Mortgagee sales in Auckland – graph

Sayeth the NZ Herald:

the number of mortgagee sales – where a borrower’s property is sold by the [bank] – reached the highest levels since records began

They’ve only been keeping records since 1994 though 🙂

At the end of the article there are some numbers, which I made a graph of

mortgagee_sales_aucklandManukau (orange line) is pretty extraordinary – in 2007 there were less forced sales than Waitakere.

The graph is a bit misleading – in percentage terms, Auckland City had less of an increase than most. Manukau is still clearly the stand-out, with a 1242% increase.

2007 2008 2009 % increase
Auckland City 86 161 387 450.00%
Manukau 26 147 323 1242.31%
North Shore 20 65 173 865.00%
Rodney 19 56 155 815.79%
Waitakere 31 54 135 435.48%
Papakura 7 19 53 757.14%
Franklin 8 17 48 600.00%

Does anyone have figures for earlier than 2007?

6 Comments Posted

  1. It would be nice to have more data-points. What would be more intersting is to know how many are owner-occupied mortgagee sales and how many are rented properties under thwe hammer. My understanding of media comment is that it is the later. If so, it appears as if some folk are “investing” poorly, much to their angst… and also to others unable to afford the properties these investors “purchased”.

  2. Umm, John Foughy and John Carter, you can’t deny the data which frog has also provide, for those who like facts as well as coloured-line graphs.

    so this is what Nat ministers mean when they say ‘the recession is lifting?” – oh, there’s no risk of mortgagee-sale in Remuera or Parnell, it’s all ok again, then!

    BTW, the last big king-hit of mortgagee sales was at the post-’87 crash property-slump low-tide of 1992, which is why the figures began to be collected in 1994 – someone decided it was a good indicator of banking equity, to know what was happening in the housing mortgage market, so that banks couldn’t end up required to shed all their mortgages like Marac did in ’92.

  3. Sorry, those curves are way too smooth to be real.

    Don’t fudge them like that! It leaves an instant Bad Taste in the mouth.

  4. Come on, Frog, this is poor work. I looked at that graph and thought, gee, there must be a lot of data to support drawing such nice curves. Then I looked further and discovered you had THREE data points. Then I looked further still, and discovered you were calculating percentages to SIX significant figures.

    You can always fit a quadratic perfectly to any set of three points [unless they’re in a straight line, that is]. It doesn’t tell you anything useful. What would you have done if you had 2006 data — fit a cubic?

    And quoting figures like “600.00%” for Franklin suggests that you can tell the difference between that and 600.01%. But this is nonsense.
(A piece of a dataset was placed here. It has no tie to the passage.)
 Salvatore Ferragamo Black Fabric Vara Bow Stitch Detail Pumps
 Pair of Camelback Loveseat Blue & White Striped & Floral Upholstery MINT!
The smallest possible increment you can have in that case is 12.5%.

    So, to improve:
    1. Show the data points on your graph as dots, or circles, or triangles, or something, so it’s obvious how much data supports it.
    2. Throw away the quadratics and fit straight lines instead.
    3. Round all your percentages to the nearest 10%.

    HTH. HAND!

    [PS. I tried posting earlier from my iPhone but was having problems. If there are dupes, keep this one.]

  5. Foreclosure eminently states how these premises lack banking’s liquidity, but my question is do they leak?